[Problem requirements]
Copy exactly the lines of the records below, and only those lines, beginning with the line that contains "BEBE Set for" and ending with the line that contains "sprinkler spray drifting".

[Material supplied]
╔══

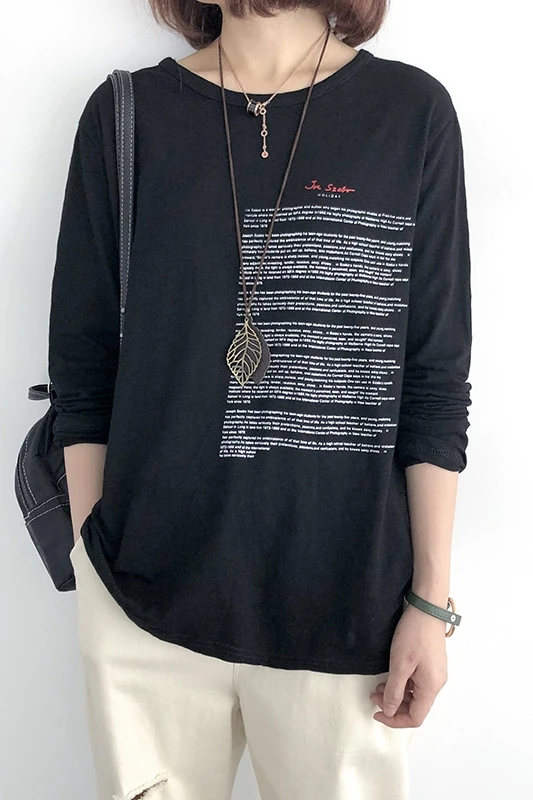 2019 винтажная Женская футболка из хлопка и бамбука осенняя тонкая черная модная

╚══
╔══

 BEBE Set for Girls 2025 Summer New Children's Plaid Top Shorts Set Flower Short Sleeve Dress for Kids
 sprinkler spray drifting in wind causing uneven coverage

╚══

[Reply to the exercise]
 BEBE Set for Girls 2025 Summer New Children's Plaid Top Shorts Set Flower Short Sleeve Dress for Kids
 sprinkler spray drifting in wind causing uneven coverage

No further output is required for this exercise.